После ночного бритья, несмотря на неясность того, к чему все это затеяно гестаповцами, все же радостно билось сердце. Хотелось поскорее покинуть эти душные тюремные стены, пропитанные потом и кровью. Перед глазами уже рисовались радостные встречи с советскими людьми, и нити мыслей тянулись дальше — к Москве, к Родине. Мое раздумье было прервано каким-то неясным шорохом. Время было далеко за полночь. Тюрьма спала. Но откуда-то до моего слуха доносились тихий шелест, легкое поцарапывание. И вдруг я заметил упавшую у двери на пол тонкую полоску бумажки. Она была просунута, очевидно, иглой через узкую расщелину у верхней притолоки двери. Только теперь я понял, откуда у двери иногда появлялись окурки с табаком. Это заботились обо мне упомянутые мной тюремные рабочие. На поднятой бумажке я прочитал следующие слова:
«Товарищ, ты сегодня покидаешь тюрьму и вернешься на свою Родину. Помни о нас».
Итак, моя уверенность в предстоящей свободе подкреплялась теперь голосом из внешнего мира, нашими друзьями — пленниками гестапо. Я посмотрел в «глазок» и увидел по ту сторону человека. Мне хотелось на радостях чем-то отблагодарить его. Я снял свои часы, взял со стола пустую кружку и перед «глазком» стал показывать, что я опускаю их в нее. Затем кружку с часами поставил на стол.
Но часы все же так и остались при мне, несмотря на мое искреннее желание оставить их рабочему на память за добрую весть. Случилось это так.
В четыре часа ночи раздался лязг ключей. Открылась дверь, и в камеру вошел надзиратель тюрьмы; за ним следовали два здоровенных гестаповца, похожих на орангутангов.
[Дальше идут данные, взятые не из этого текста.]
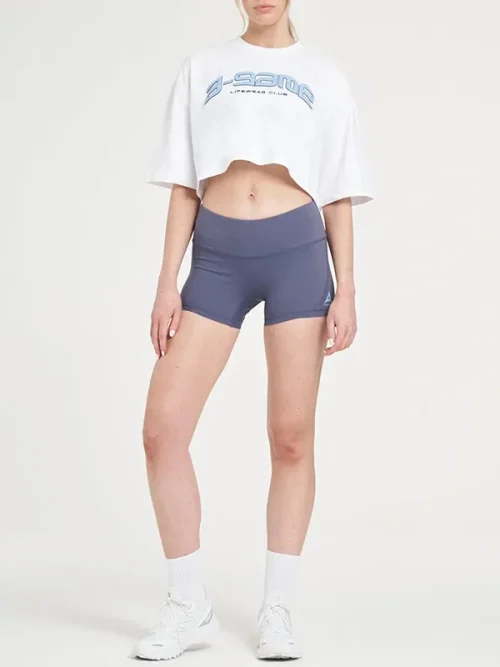 Alternative view of Custom made white navel-baring lettering print tee shirts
В руках надзирателя был кофейник и кусок черного хлеба.
— Выпейте на дорогу, — сказал он, — и протянул кофейник.
Я впопыхах схватил кружку и подставил под носик кофейника.
— У вас там часы, — заметил надзиратель. Смущенный, я извлек часы из кружки, но обратно мне их положить уже не удалось.
Орангутанги предложили мне следовать за ними. В канцелярии тюрьмы, где я встретил Костю, один из гестаповцев, обращаясь к нам, сказал:
— Ваша жизнь доверена нам. Вот ваши паспорта. При сопротивлении будете уложены на месте, — и похлопал при этом по портупее.
С таким «любезным» напутствием мы покинули канцелярию тюрьмы. По дороге гестаповец, развернув газету, тыкал пальцем в фотографию, на которой были изображены изуродованные трупы женщин и детей.
— Вот, — кричал он, обращаясь ко мне, — любуйтесь тем, что делают ваши большевики, — зверства, садизм!
— Я журналист, — отвечаю ему, — и знаю цену этим фотографиям: сами же убили, а теперь приписываете все нам.
— Вот видишь, — говорит один орангутанг другому, — он и здесь готов вести пропаганду.
Костя предостерегающе толкает меня локтем, и разговор обрывается.